Collaborative Research: AF: Small: The Query Complexity of Linear Algebra

Mathematical problems involving matrices, such as systems of linear equations and eigenvalue problems, arise in a huge number of applications across machine learning, statistics, scientific computing, engineering, and beyond. More efficient algorithms for solving these problems can thus have widespread practical impact, significantly accelerating the pace of scientific discovery, decreasing the cost of data analysis, and facilitating simulations of large-scale, complex systems.

Developing efficient algorithms for matrix problems is the central goal of the field of numerical linear algebra. Unfortunately, it can often be difficult to understand the limits of algorithmic research. How close are the current best algorithms to being optimal?

Are there inherent barriers to developing faster algorithms? This project will tackle these questions by studying fast matrix algorithms through the lens of “query complexity”. Specifically, the goal is to develop algorithms that access, or “query”, the input matrix as few times as possible in order to solve a given problem.

Algorithms with small query complexity are frequently efficient in practice, so focusing on query complexity will lead to the development of faster algorithms for applications. At the same time, unlike more general models of computation, it is often possible to prove impossibility results for query complexity, i.e., to show that no algorithm can solve a given problem with too small of query complexity.

Thus, the project will improve understanding of the limits of algorithmic research and of the optimality or sub-optimality of existing methods. The work will produce general-purpose algorithmic tools and lower-bound techniques that can be applied to algorithms research at large. The project will also expand the dialogue between research communities, including theoretical computer science, numerical analysis, and quantum computing communities.

Concretely, the research team will study linear algebraic computation through the lens of query complexity by 1) developing new, query-efficient algorithms for core matrix problems and 2) proving unconditional lower bounds on the number of queries required to solve these problems. The research will center on two important query models: entrywise matrix queries and matrix-vector product queries.

Entrywise queries are perhaps the simplest query model for linear algebraic computation, although the complexity of many basic problems in the model, from eigenvalue approximation to matrix norm computation, remains unresolved. By studying the model, the project will explore broad themes, such as the importance of randomness and query adaptivity, and the power of “augmented” entrywise query models that rise in quantum-inspired numerical linear algebra, spectral graph theory, and beyond.

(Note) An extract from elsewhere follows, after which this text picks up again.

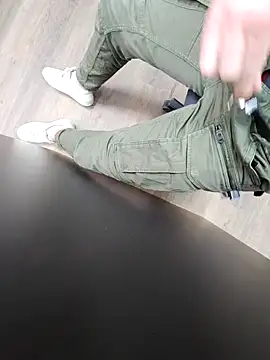 Snapshot of thesmiledoc chatting on March 13, 4:56 pm thesmiledoc online show from March 13, 4:56 pm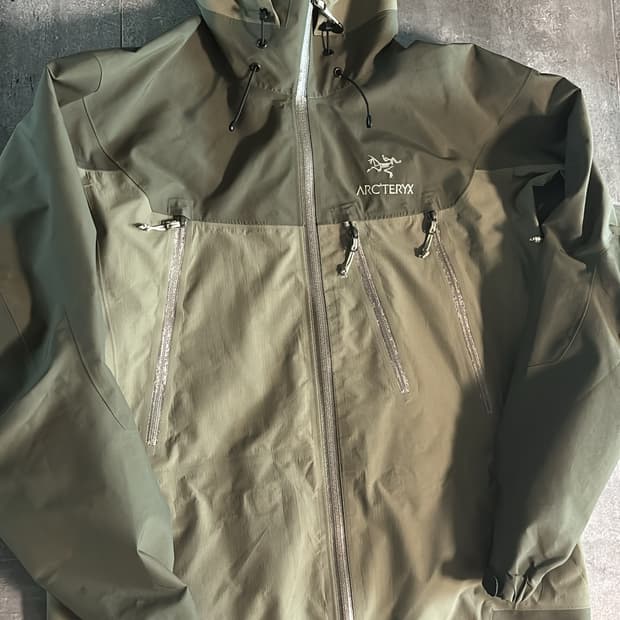 (유일 매물)아크테릭스 세타 1세대 ar 카키 바람막이 자켓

The project’s second focus on matrix-vector product queries is motivated by the fact that matrix-vector products often dominate the runtime of linear algebraic methods in practice. As such, understanding the number of matrix-vector products required to solve central problems like structured matrix approximation, norm approximation, and spectral density estimation is a key goal.

The matrix-vector product model generalizes the widely studied matrix sketching and Krylov subspace models, so proving lower bounds in this model will require new techniques. Overall, the project will strengthen the theoretical foundations of computational linear algebra, with the goal of establishing query complexity as a central framework for developing faster algorithms and computational lower bounds.

This award reflects NSF's statutory mission and has been deemed worthy of support through evaluation using the Foundation's intellectual merit and broader impacts review criteria.